2014-07-22 17:35:06 +00:00 · 2014-07-22 17:35:06 +00:00 · ae82c61bfe
parent c4cbfb307b fbbf775058
commit ae82c61bfe
4 changed files with 293 additions and 1 deletions
--- a/doc/source/associated_projects.rst
+++ b/doc/source/associated_projects.rst
@ -86,3 +86,5 @@ Other
 * `Swiftsync <https://github.com/stackforge/swiftsync>`_ - A massive syncer between two swift clusters.
 * `Swiftbrowser <https://github.com/cschwede/django-swiftbrowser>`_ - Simple web app to access Openstack Swift.
 * `Swift-account-stats <https://github.com/enovance/swift-account-stats>`_ - Swift-account-stats is a tool to report statistics on Swift usage at tenant and global levels.
+* `PyECLib <https://bitbucket.org/kmgreen2/pyeclib>`_ - Erasure Code library used by Swift
+* TODO:  tsg add liberasurecode reference here
--- a/doc/source/index.rst
+++ b/doc/source/index.rst
@ -56,6 +56,7 @@ Overview and Concepts
    overview_expiring_objects
    cors
    crossdomain
+    overview_erasure_code
    associated_projects

 Developer Documentation
--- a/doc/source/overview_architecture.rst
+++ b/doc/source/overview_architecture.rst
@ -69,7 +69,8 @@ implementing a particular differentiation.

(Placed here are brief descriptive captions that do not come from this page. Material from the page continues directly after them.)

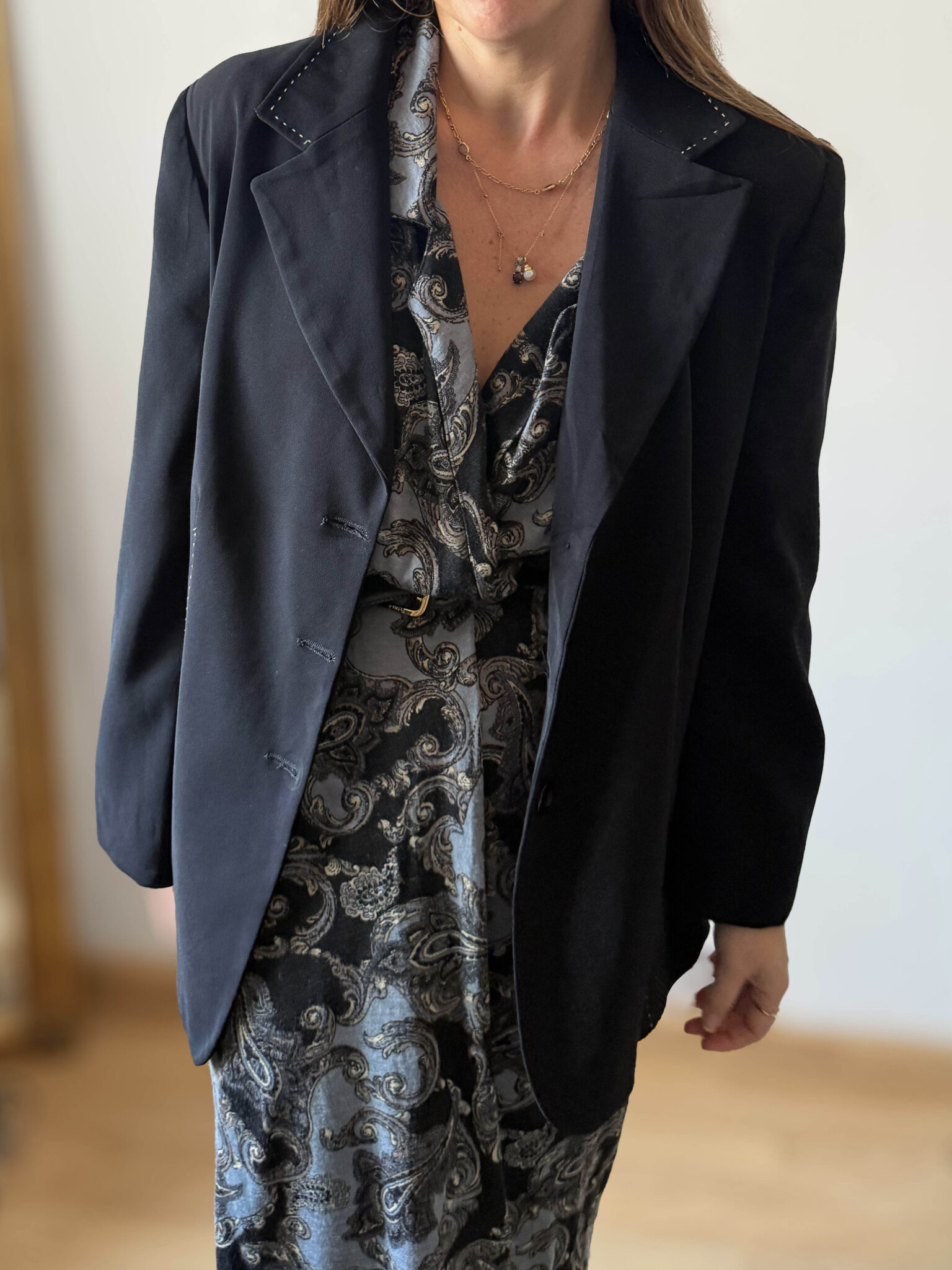 Imagen de Blazer negra pespuntes (1)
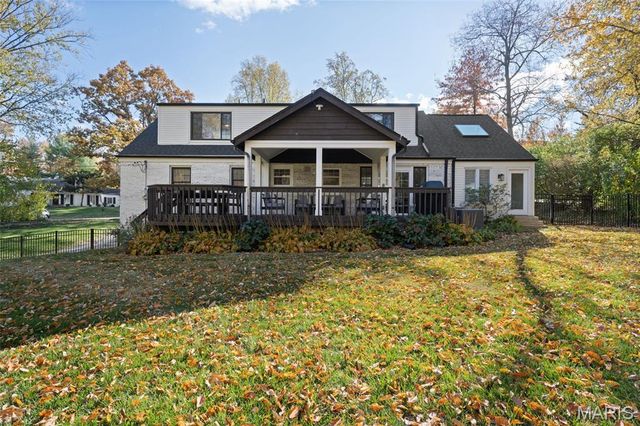 5 Sunny Meade, St Louis, MO 63124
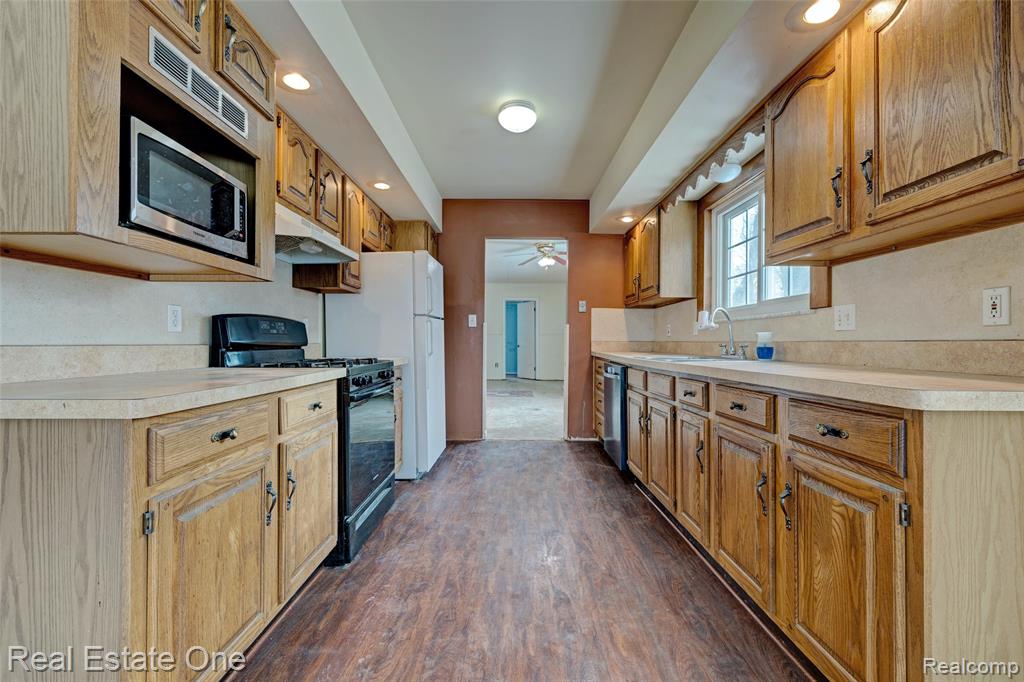 55 Mouton Drive, Orion, MI 48362 — Photo 20
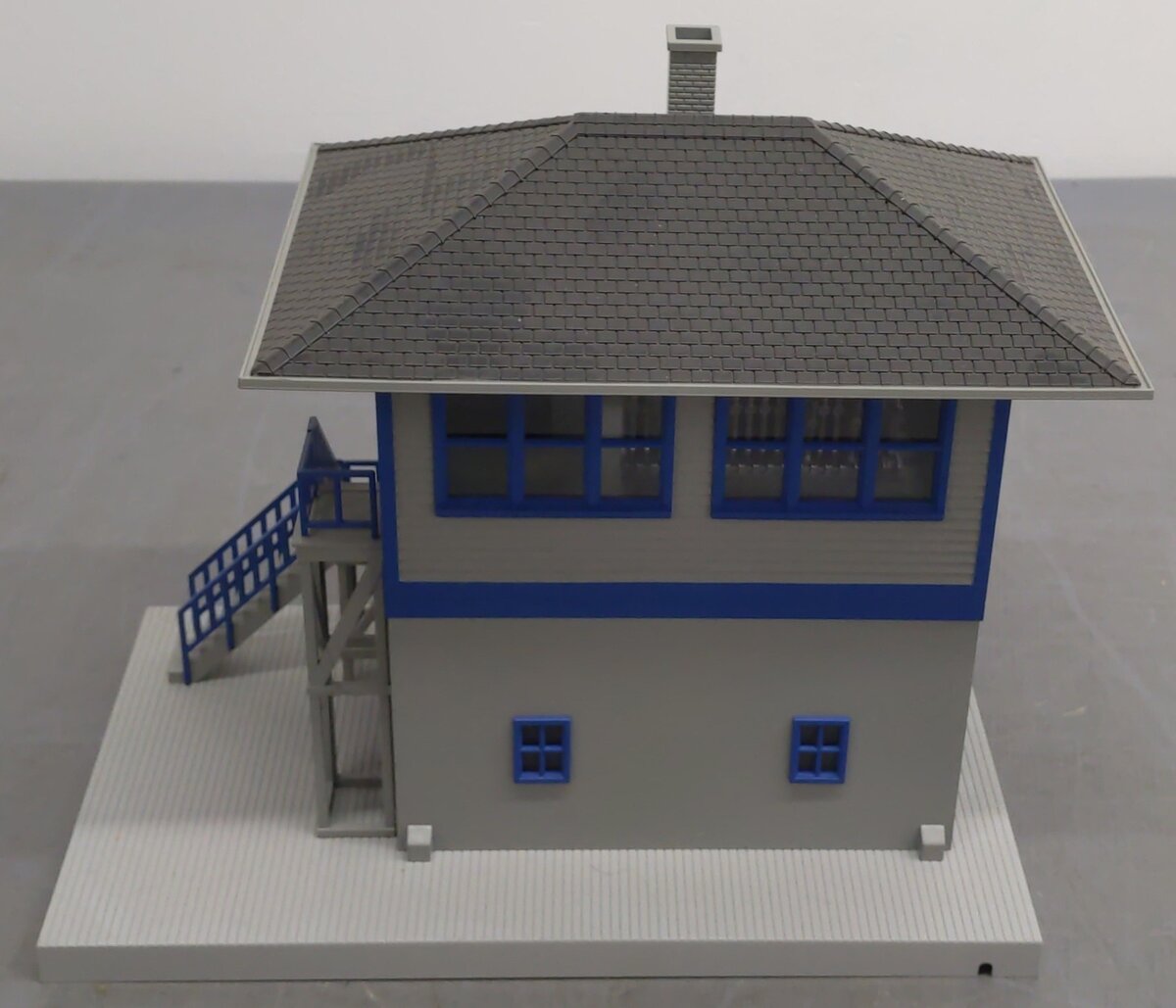 MTH 30-9011 O Gauge Gray & Blue Switch Tower EX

 For example, one might have the default policy with 3x replication, and create
 a second policy which, when applied to new containers only uses 2x replication.

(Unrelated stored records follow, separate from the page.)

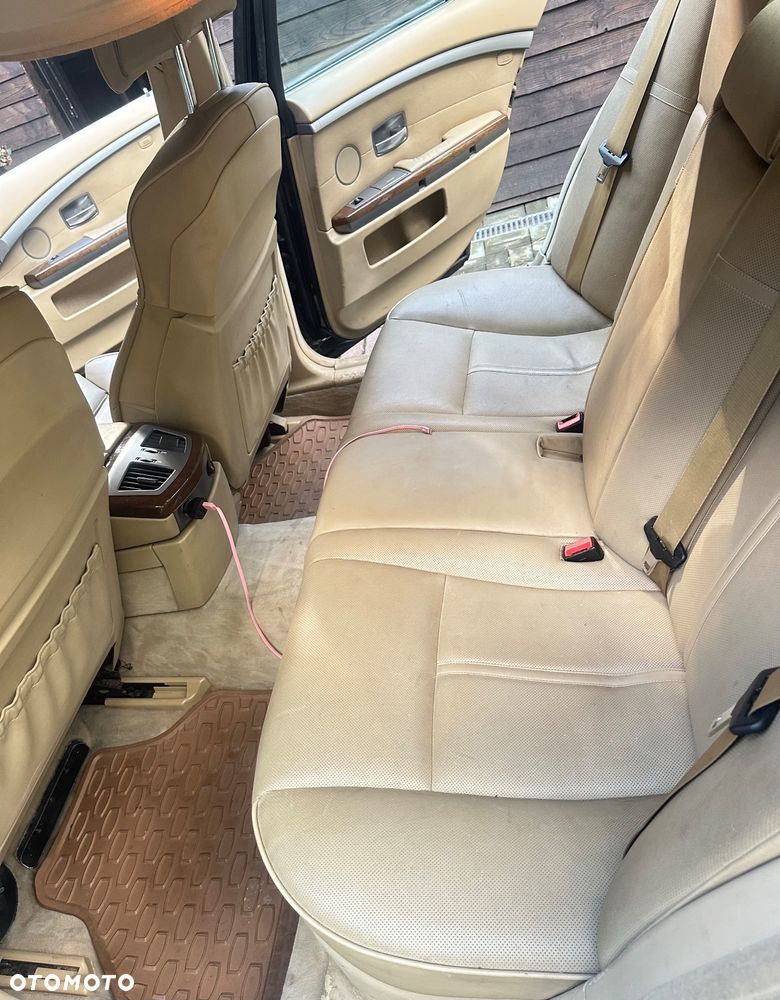 BMW Seria 7 730d - 12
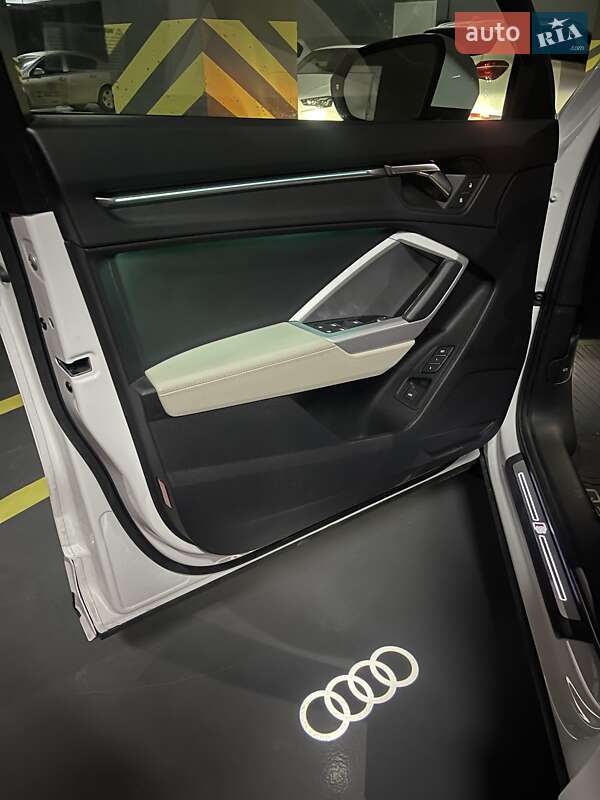 Внедорожник / Кроссовер Audi Q3 2022 в Одессе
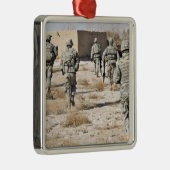 少人数の武器攻撃に応える兵士 メタルオーナメント (右)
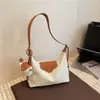 Bolsas de tecido de nylon transfronteiriças, bolsas de ombro, bolsas para o dia a dia, designs color-block e patchwork, bolsas de ombro da moda, elegantes e estilosas, bolsas de ombro versáteis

 Another might add SSDs to a set of storage nodes and create a performance tier
-storage policy for certain containers to have their objects stored there.
+storage policy for certain containers to have their objects stored there.  Yet
+another might be the use of Erasure Coding to define a cold-storage tier.

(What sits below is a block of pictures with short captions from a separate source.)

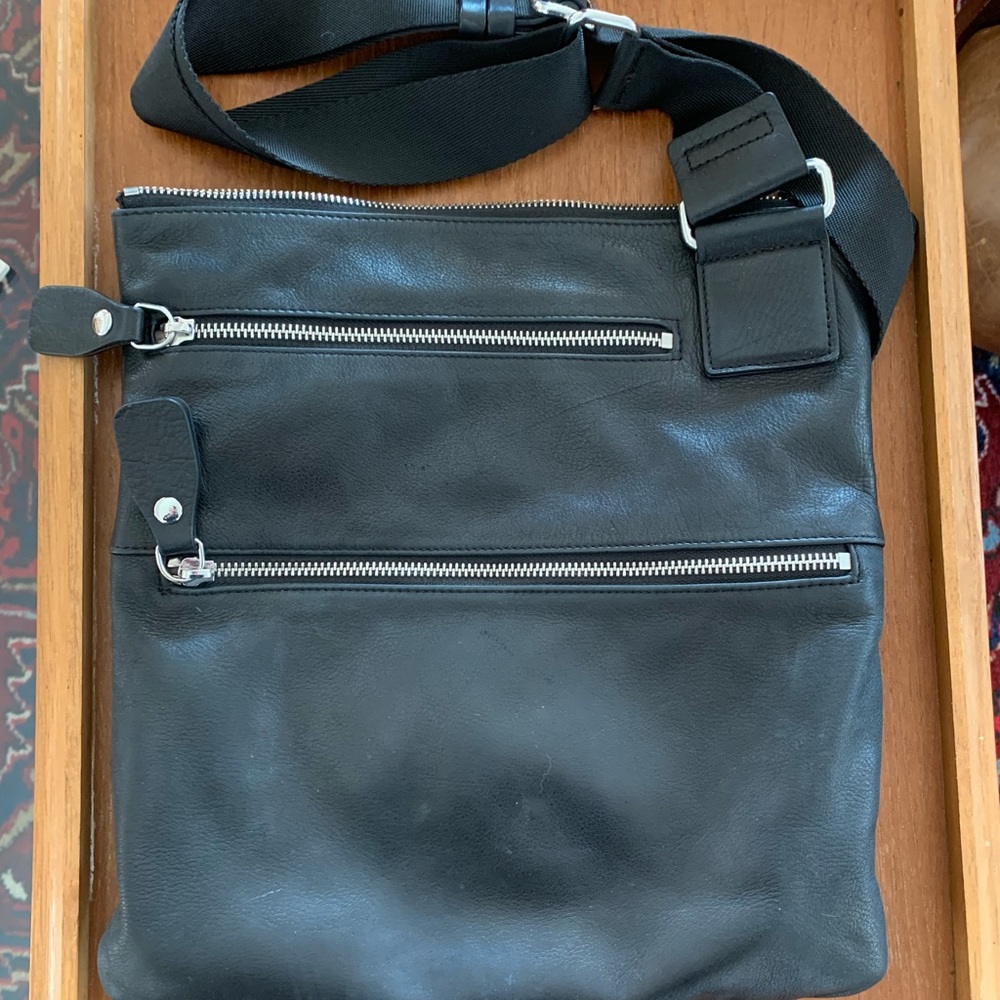 Margot Multi compartment bag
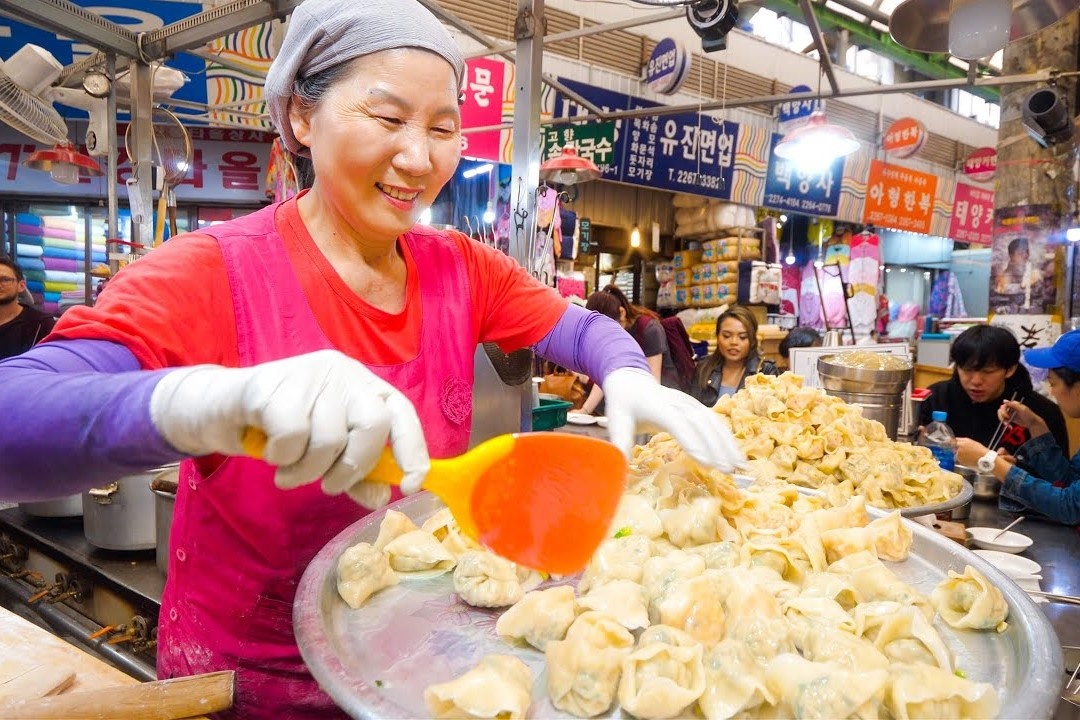 Khu cho duong pho lau doi nhat o Han Quoc hinh anh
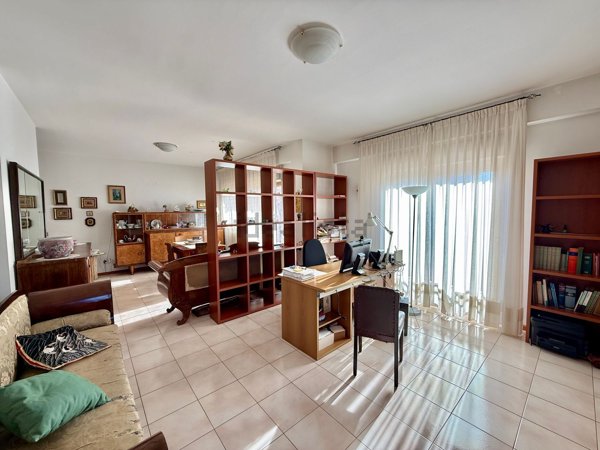 appartamento in vendita ad Aci Catena in zona Vampolieri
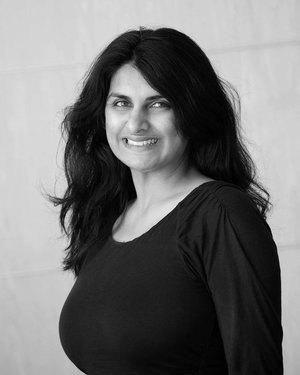 Dipti+Headshot+copy.jpg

 This mapping is then exposed on a per-container basis, where each container
 can be assigned a specific storage policy when it is created, which remains in
--- a/doc/source/overview_erasure_code.rst
+++ b/doc/source/overview_erasure_code.rst
@ -0,0 +1,288 @@
+NOTE:  EC related docs are WIP and may/may not reflect the current state
+of the codebase on the feature/ec branch.  They will continue to be a WIP
+until we get closer and closer to code complete.
+
+====================
+Erasure Code Support
+====================
+
+-------------------------------
+History and Theory of Operation
+-------------------------------
+
+There's a lot of good material out there on Erasure Code (EC) theory, this short
+introduction is just meant to provide some basic context to help the reader
+better understand the implementation in Swift.
+
+Erasure Coding for storage applications grew out of Coding Theory as far back as
+the 1960s with the Reed-Solomon codes.  These codes have been used for years in
+applications ranging from CDs to DVDs to general communications and, yes, even in
+the space program starting with Voyager! The basic idea is that some amount of data
+is broken up into smaller pieces called fragments and coded in such a way that it
+can be transmitted with the ability to tolerate the loss of some number of the
+coded fragments.  That's where the word "erasure" comes in, if you transmit 14
+fragments and only 13 are received then one of them is said to be "erased".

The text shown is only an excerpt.